[EXERCISE REQUIREMENTS]
Reproduce the lines of the material exactly, excluding every image.

[SUPPLIED RECORDS]
BEGIN
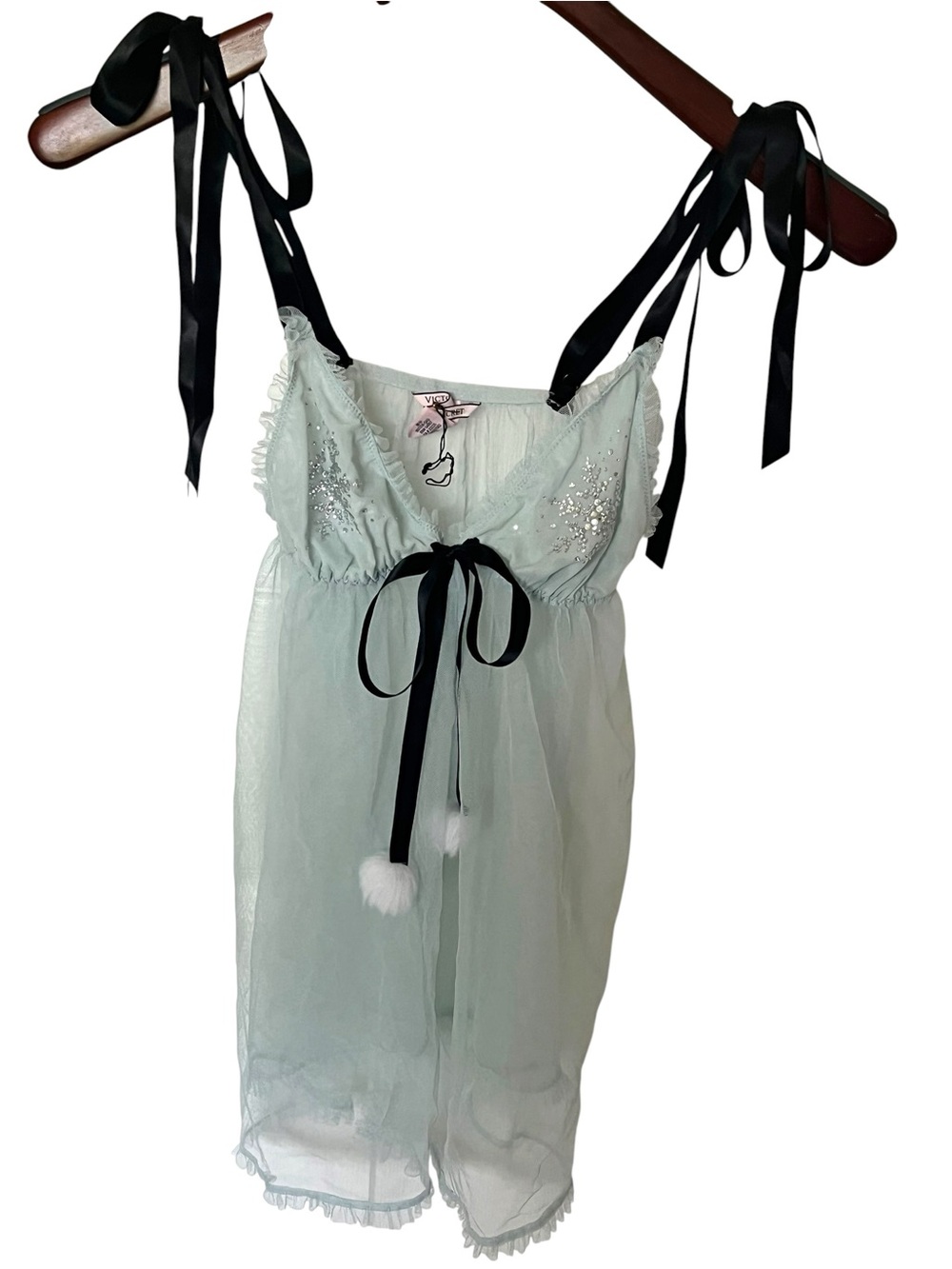 Victoria’s Secret Sheer Ice Blue Babydoll with Black Ribbon Ties Snowflake ❄️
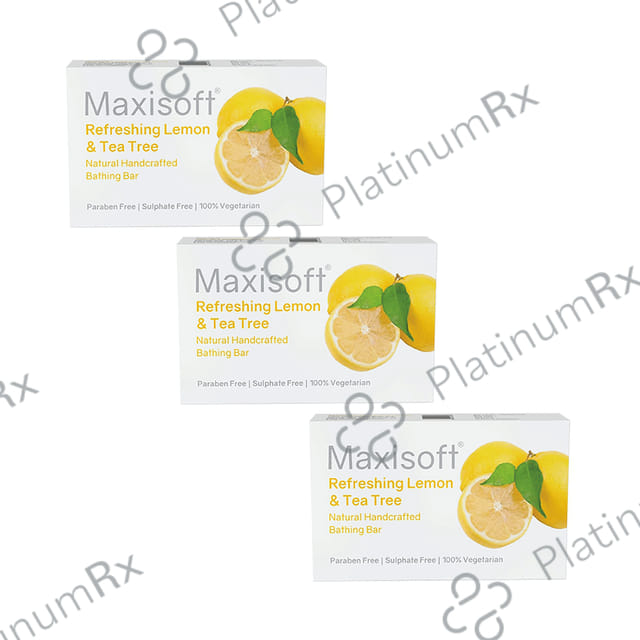 Maxisoft Refreshing Lemon & Tea Tree Bathing Bar (75gm Each) 3 units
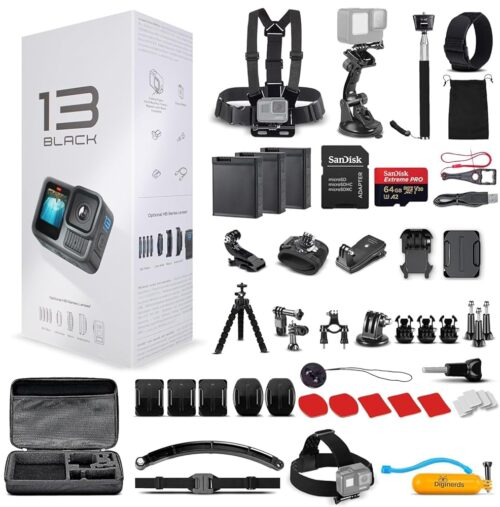 GoPro HERO13 (Hero 13) Black - with 50 Piece Accessory Kit and 2 Extra Batteries + 64GB Card - Waterproof Action Camera - 5.3K HDR, 27MP Photos, 1/1.9" Sensor, Live Streaming,...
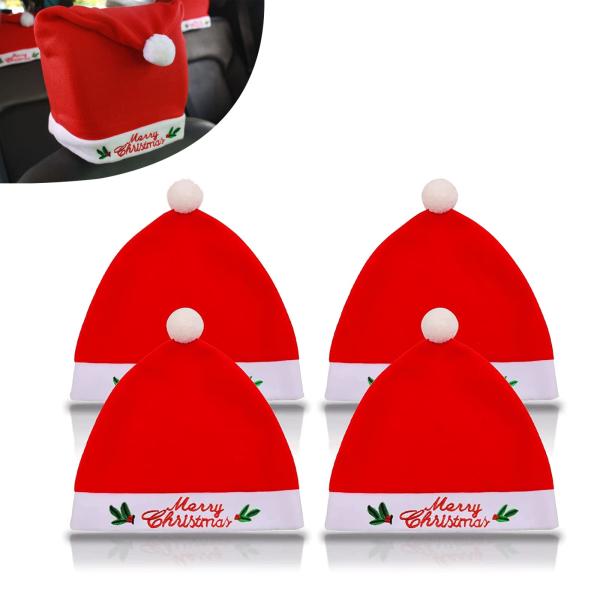 【並行輸入品】yonwait 4個 カークリスマスハット レッド カーシートヘッドレストカバー 13...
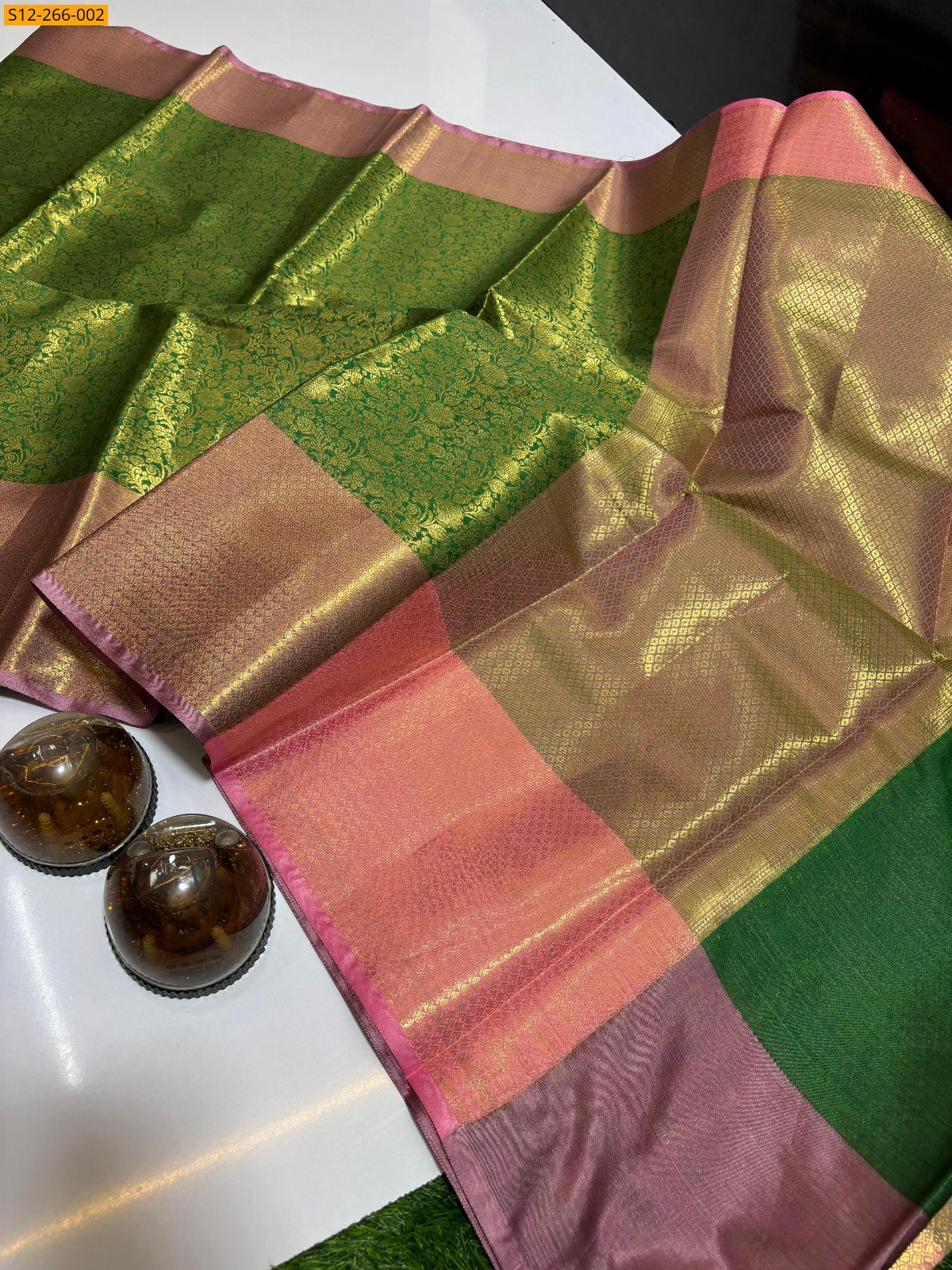 Green Banarasi semi katan soft silk saree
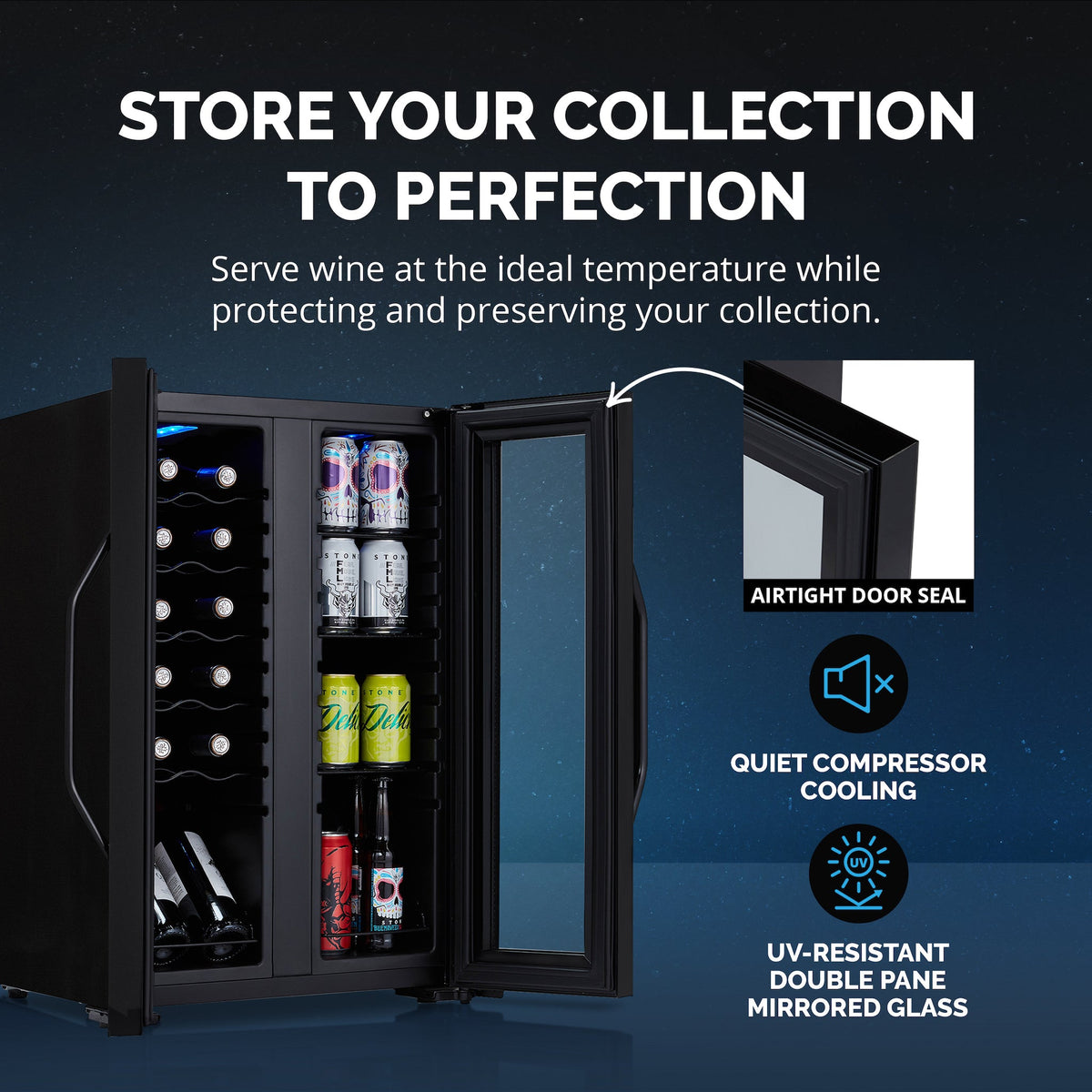 Newair® 39-Can, 12-Bottle Freestanding Dual Zone Beverage Fridge -20"
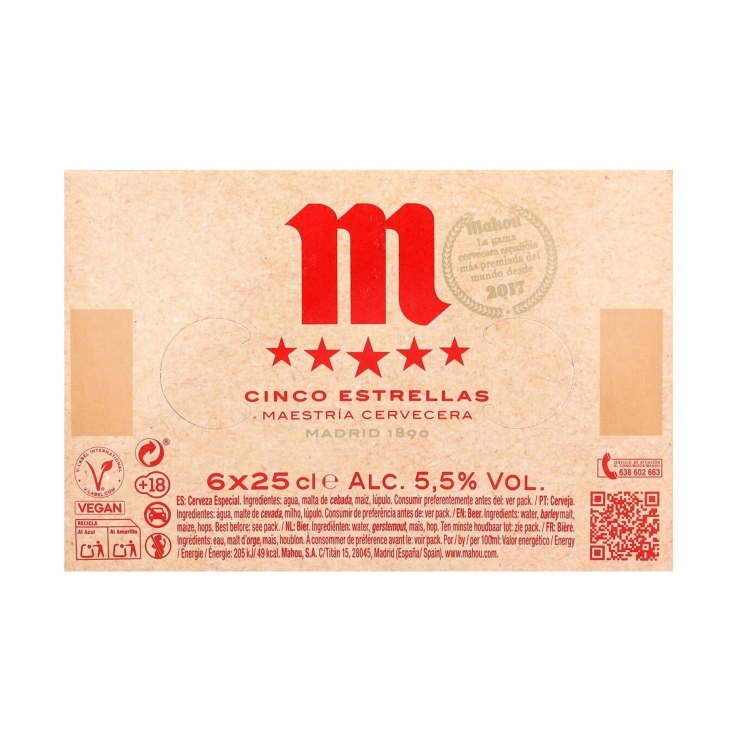 cerveza botellín 250ml, pk-6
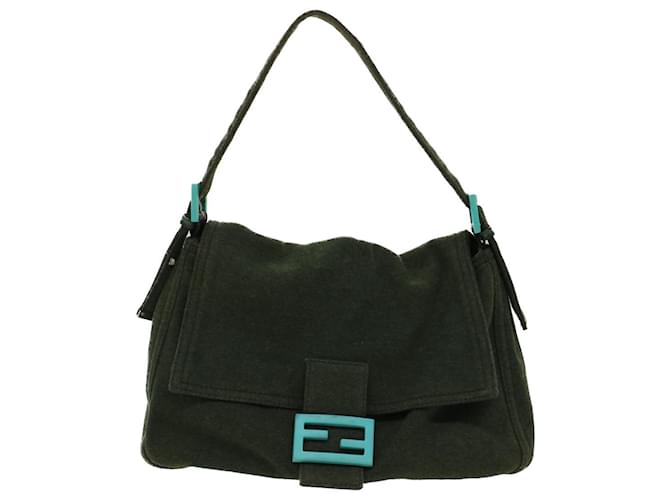 Fendi Mamma Baguette Green Cotton  ref.1058731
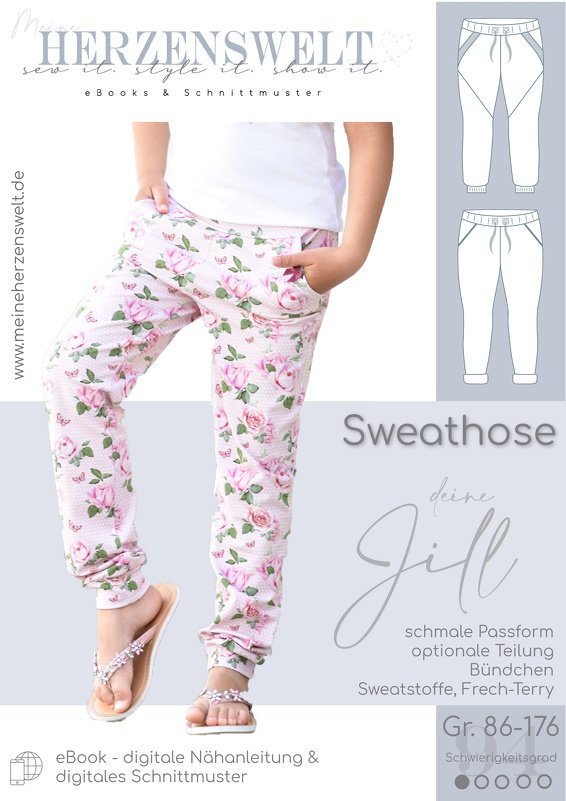 Sweathose Kinder – E-Book Schnittmuster – Gr. 86-176 – Jill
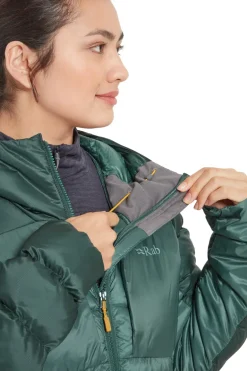 Rab Womens Cirrus Ultra Hoody - Green Slate-Eucalyptus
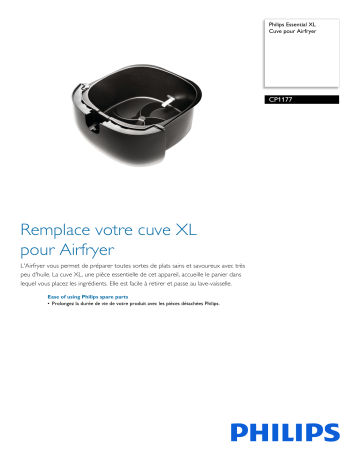 Philips CP1177/01 Essential XL Cuve pour Airfryer Manuel utilisateur | Fixfr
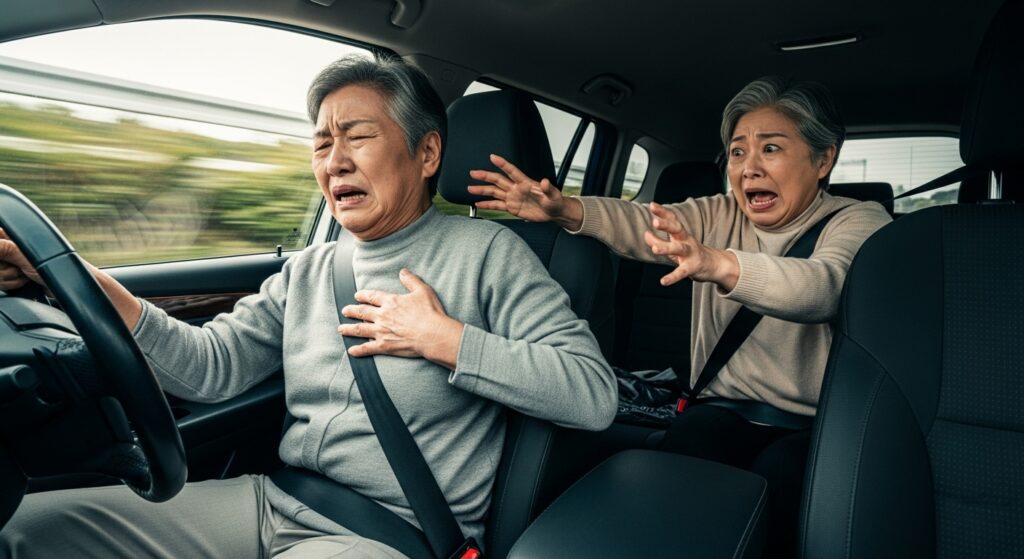 運転中に胸の痛みを訴える高齢ドライバーと、動揺しながら助けようとする同乗者の緊迫した車内シーン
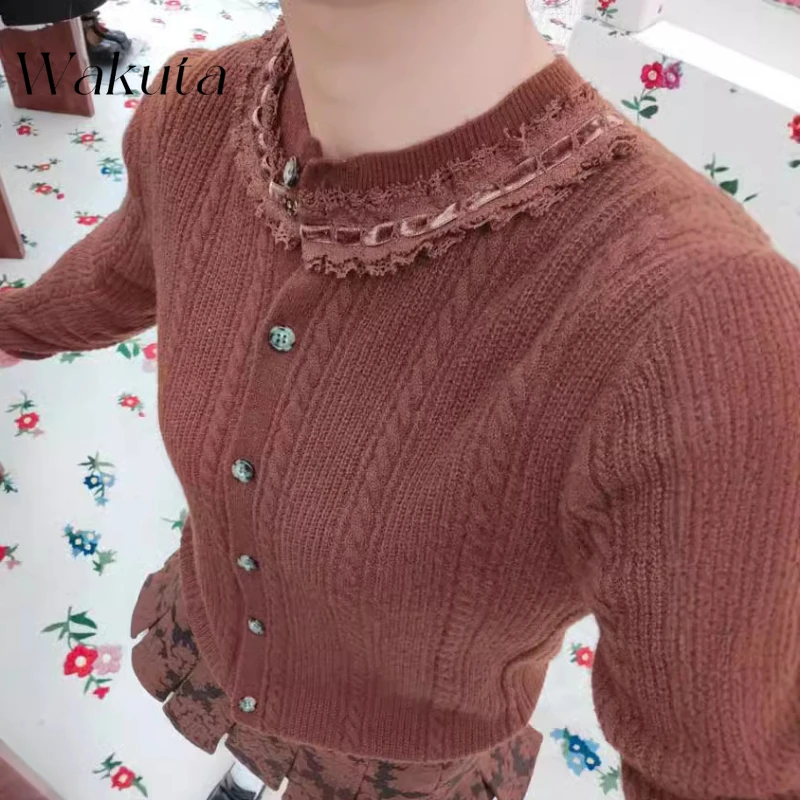 Wakuta French Elegant Spring Lace Round Neck Long Sleeve Knitted Cardigan Artistic Versatile Slim Fit Single Breasted Jumpers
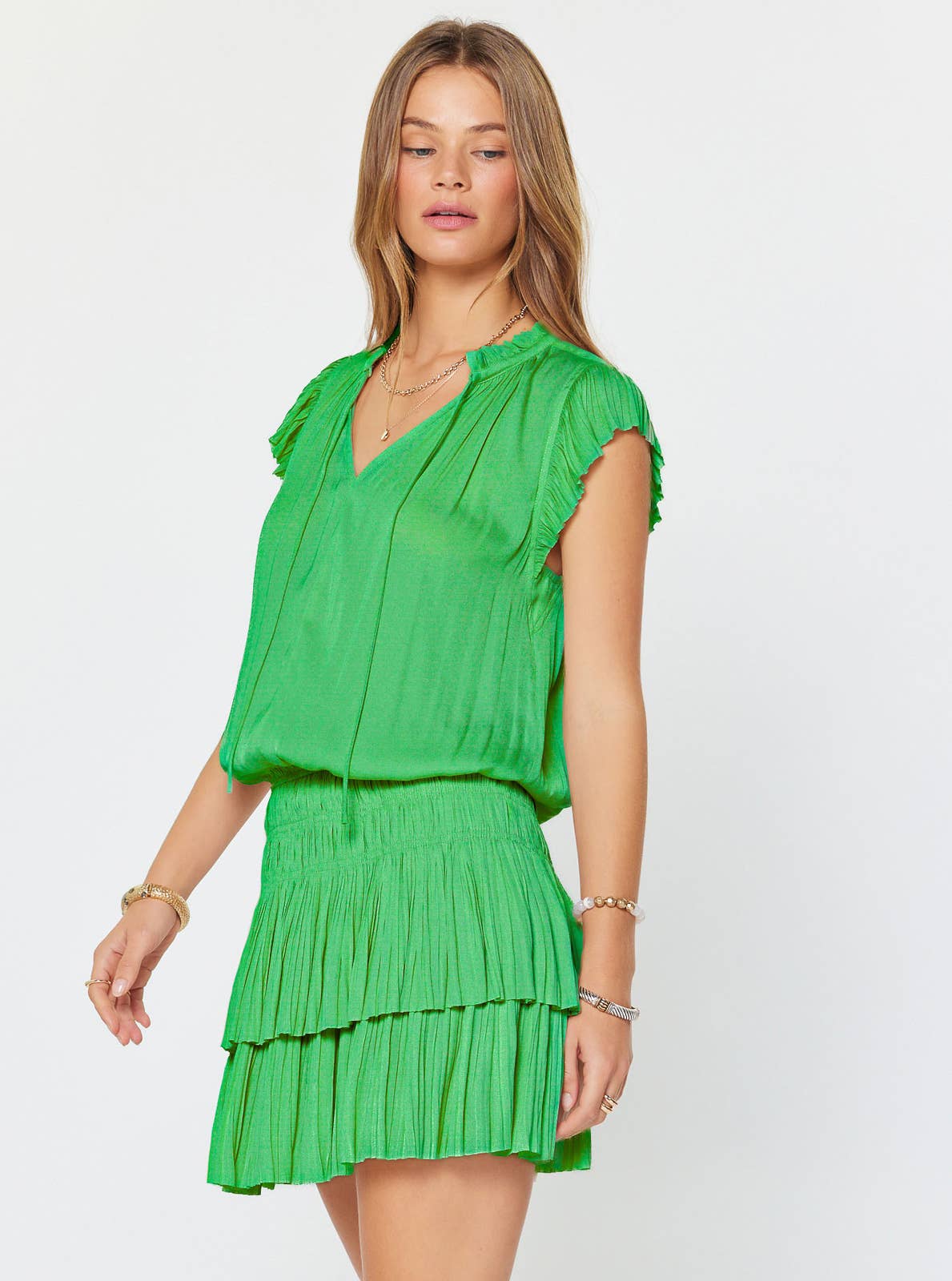 Zoey Pleated Mini Dress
END
[FINISHED TASK]
 Victoria’s Secret Sheer Ice Blue Babydoll with Black Ribbon Ties Snowflake ❄️
 Maxisoft Refreshing Lemon & Tea Tree Bathing Bar (75gm Each) 3 units
 GoPro HERO13 (Hero 13) Black - with 50 Piece Accessory Kit and 2 Extra Batteries + 64GB Card - Waterproof Action Camera - 5.3K HDR, 27MP Photos, 1/1.9" Sensor, Live Streaming,...
 【並行輸入品】yonwait 4個 カークリスマスハット レッド カーシートヘッドレストカバー 13...
 Green Banarasi semi katan soft silk saree
 Newair® 39-Can, 12-Bottle Freestanding Dual Zone Beverage Fridge -20"
 cerveza botellín 250ml, pk-6
 Fendi Mamma Baguette Green Cotton  ref.1058731
 Sweathose Kinder – E-Book Schnittmuster – Gr. 86-176 – Jill
 Rab Womens Cirrus Ultra Hoody - Green Slate-Eucalyptus
 Philips CP1177/01 Essential XL Cuve pour Airfryer Manuel utilisateur | Fixfr
 運転中に胸の痛みを訴える高齢ドライバーと、動揺しながら助けようとする同乗者の緊迫した車内シーン
 Wakuta French Elegant Spring Lace Round Neck Long Sleeve Knitted Cardigan Artistic Versatile Slim Fit Single Breasted Jumpers
 Zoey Pleated Mini Dress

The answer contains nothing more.